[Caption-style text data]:

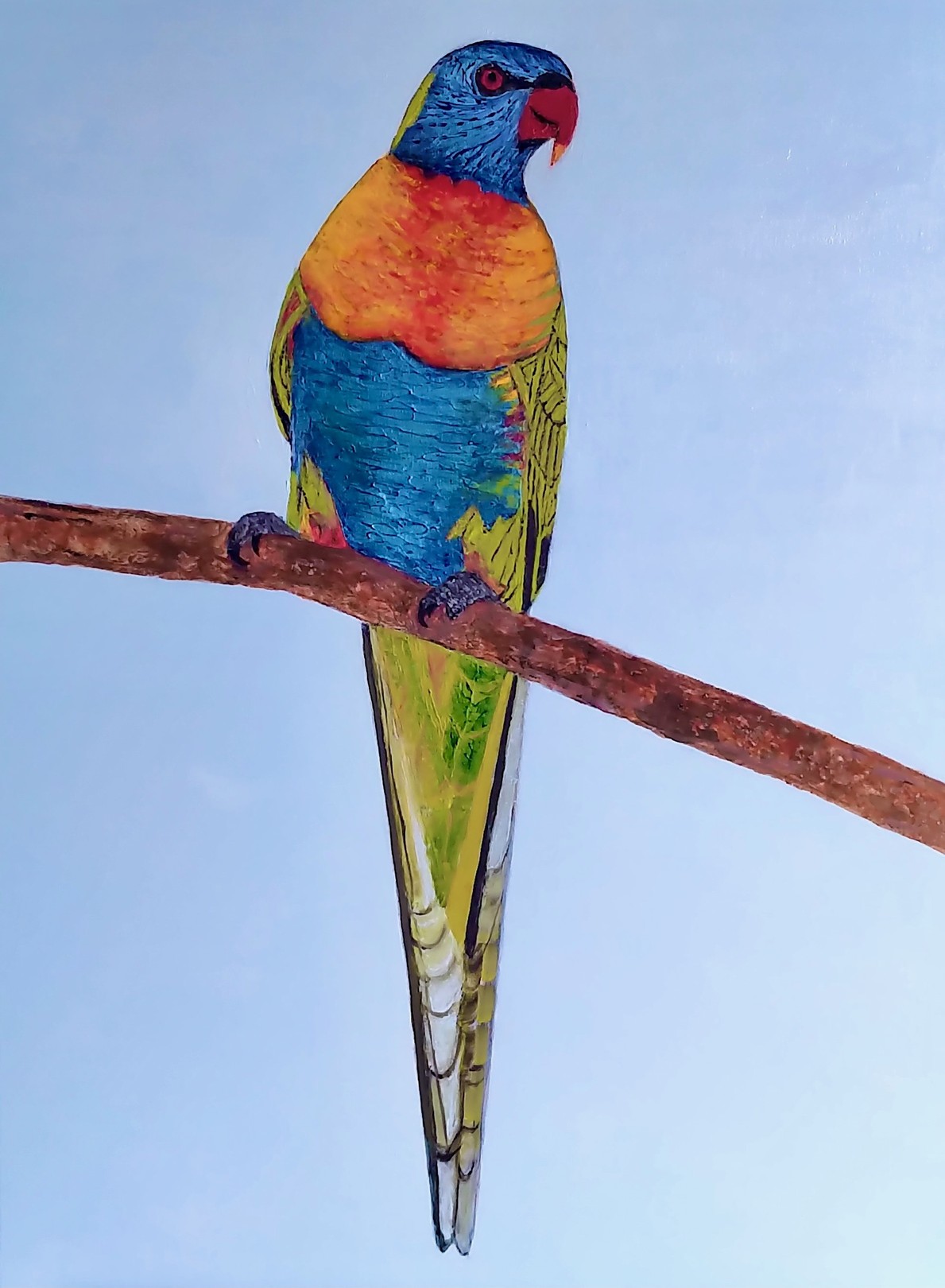 Enric Correa, Rainbow lorikeet Enric Correa, Rainbow lorikeet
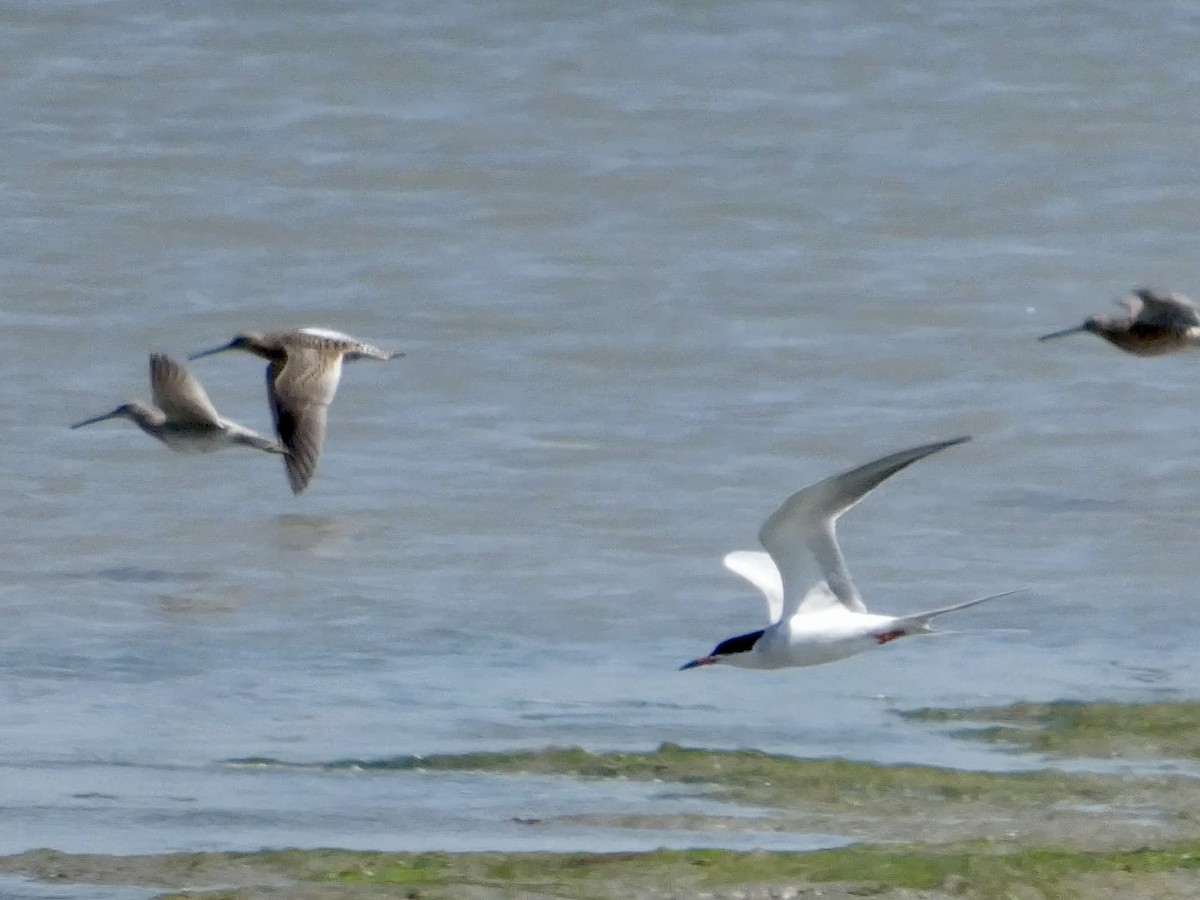 Forster's Tern - ML635207985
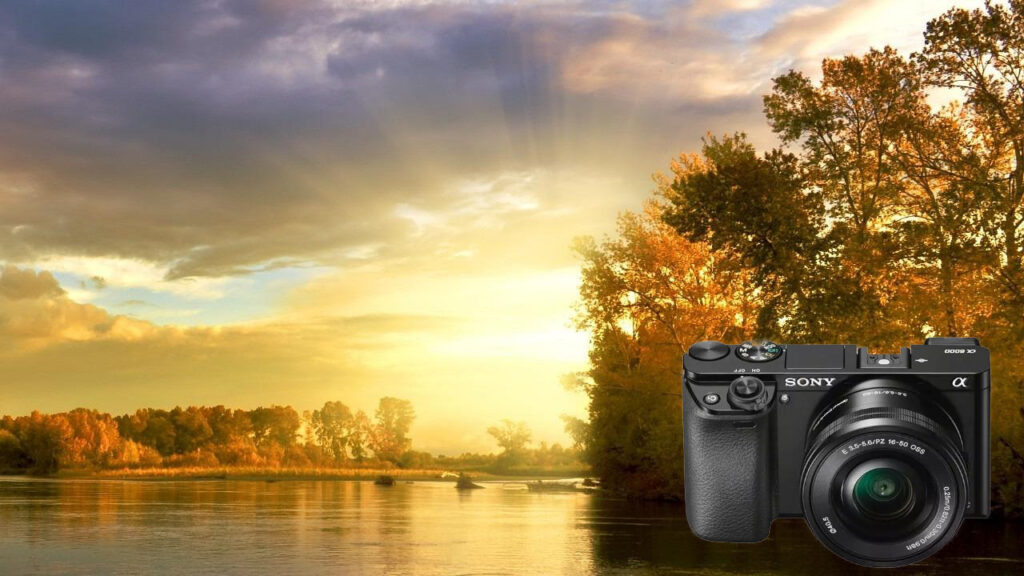 Sony A6000 mirrorless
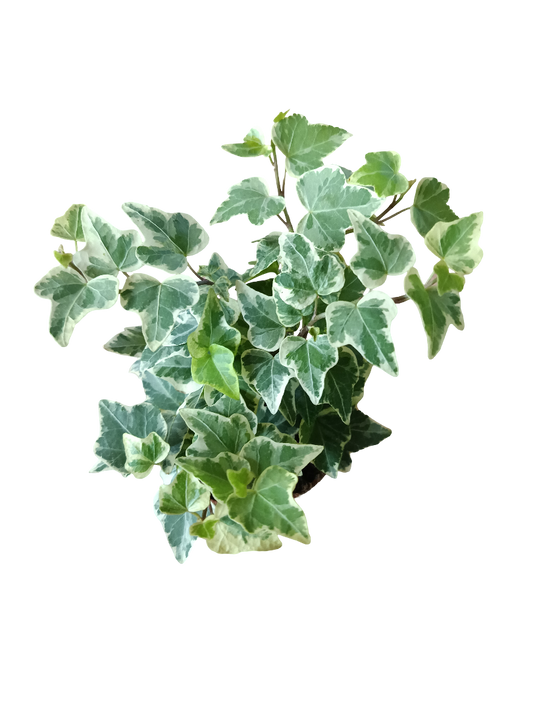 Hedera Harlekijn Colgante Planta Interior_0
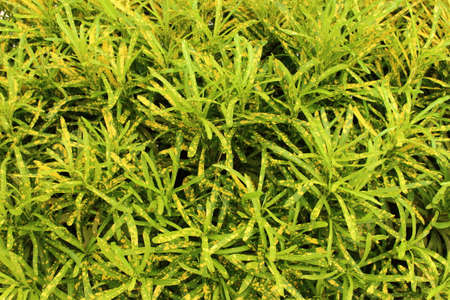 Abstract background of colorful leaf Croton tree (Cadiaeum Varigeatum) in the garden.の写真素材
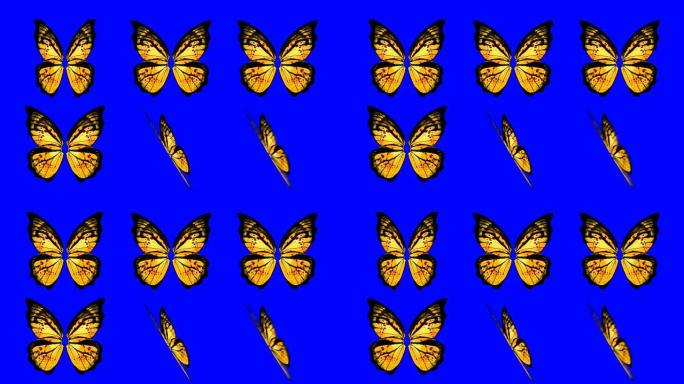 一组黄色的蝴蝶翅膀在蓝屏背景上以不同的速度和角度挥舞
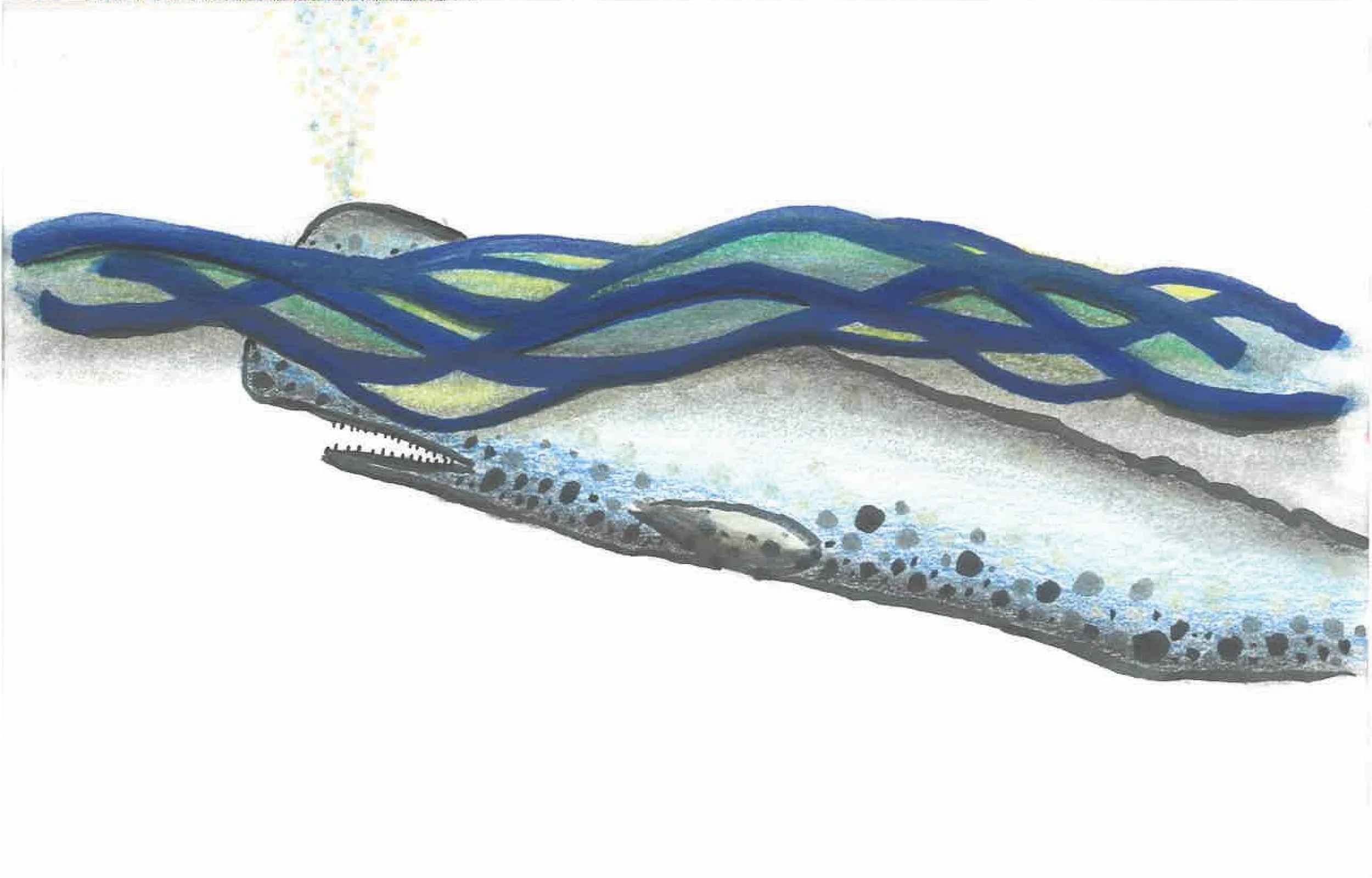 whale
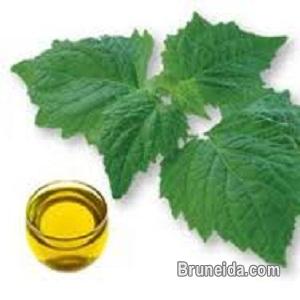 Clove Oil - image 1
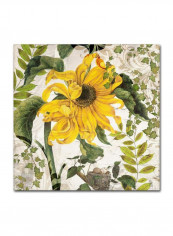 Carina II Canvas Wall Art Yellow/Green 14 x 14inch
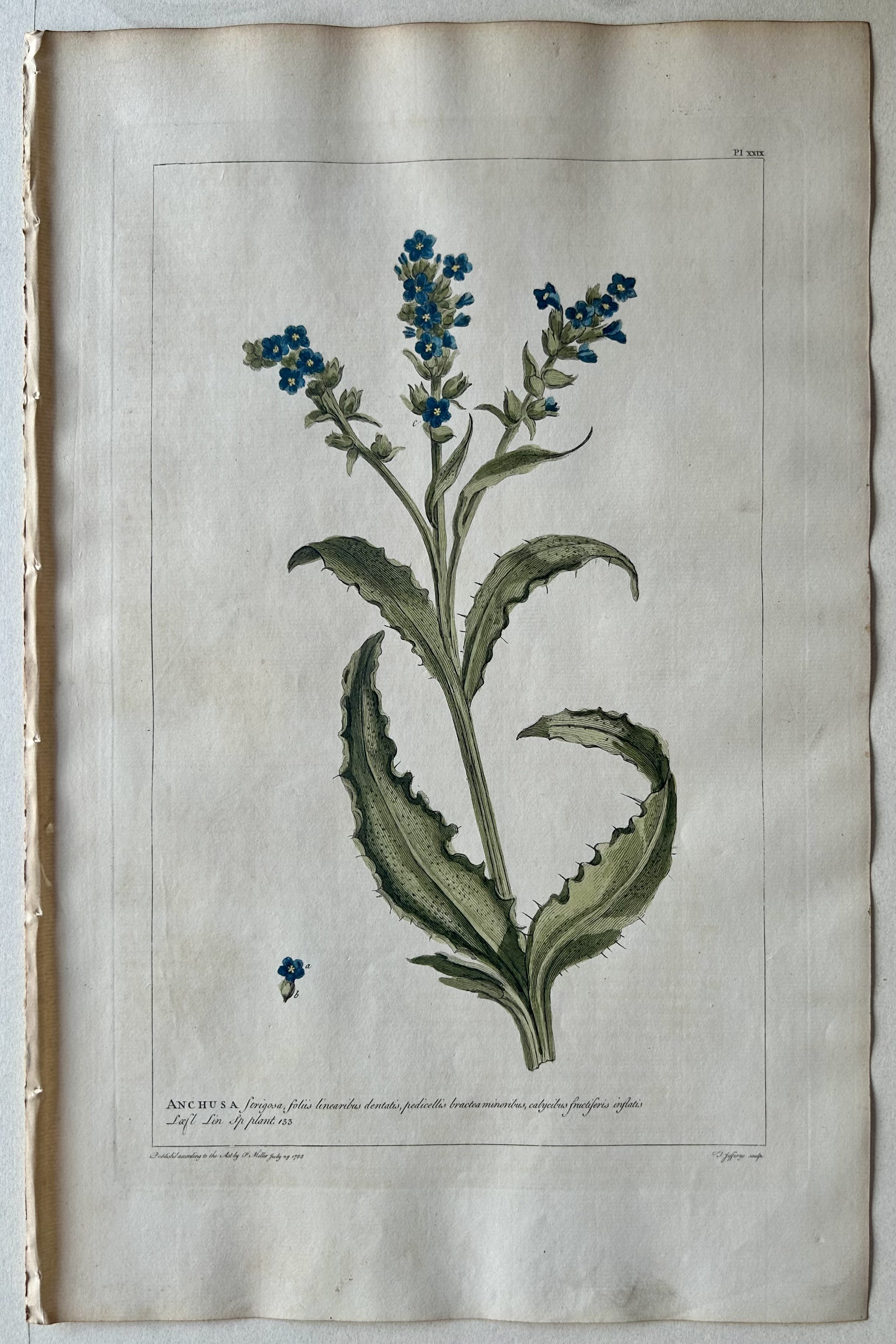 #29 Anchusa strigosa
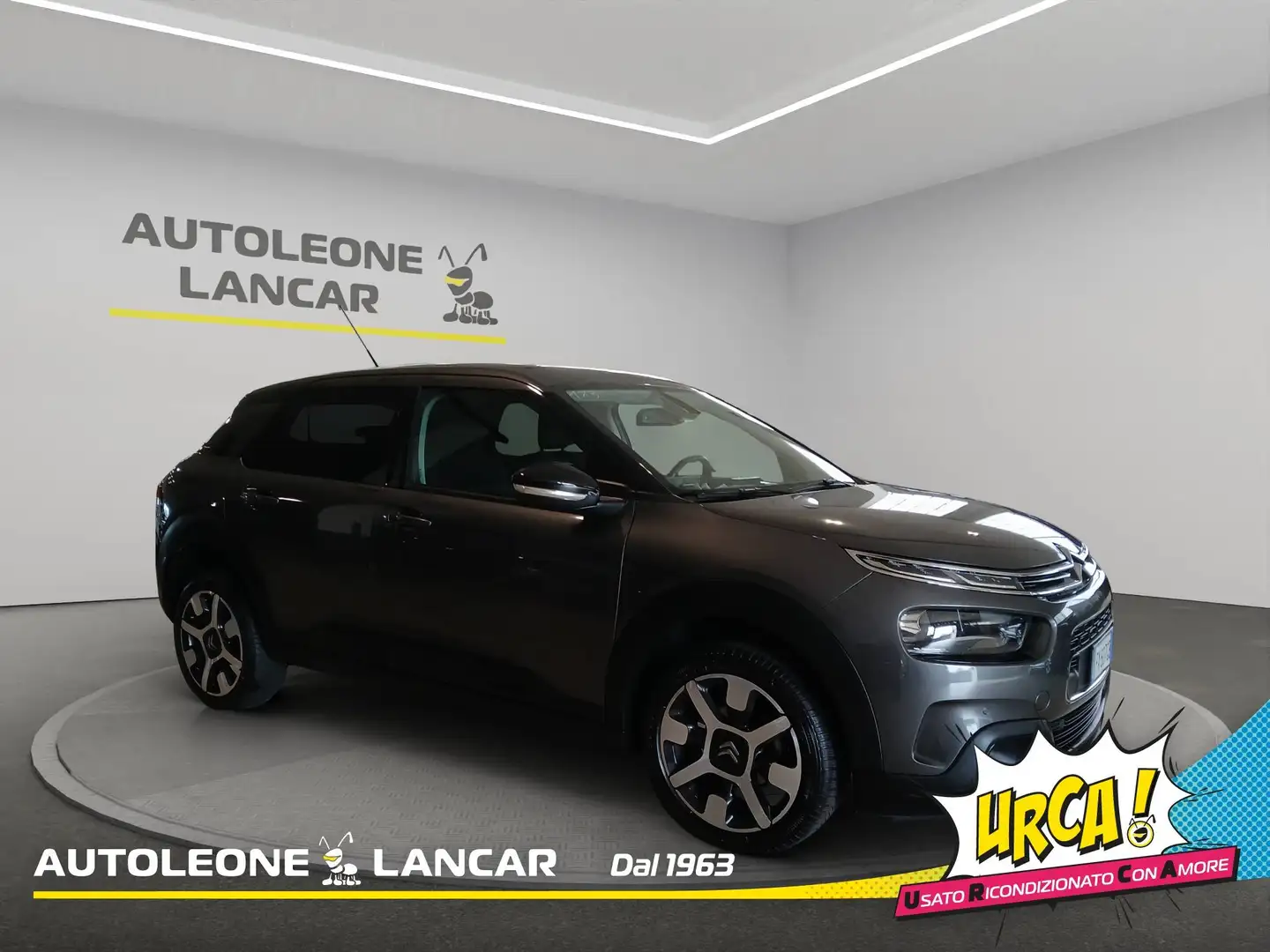 Citroen C4 Cactus 1.5 Bhdi Shine 100cv E6 Grigio - 1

[WHAT YOU NEED TO DO]: Without the pictures, repeat exactly the lines running from the line containing "Carina II Canvas" through the end of the data, both ends included.

[SOLVED PROBLEM]:
 Carina II Canvas Wall Art Yellow/Green 14 x 14inch
 #29 Anchusa strigosa
 Citroen C4 Cactus 1.5 Bhdi Shine 100cv E6 Grigio - 1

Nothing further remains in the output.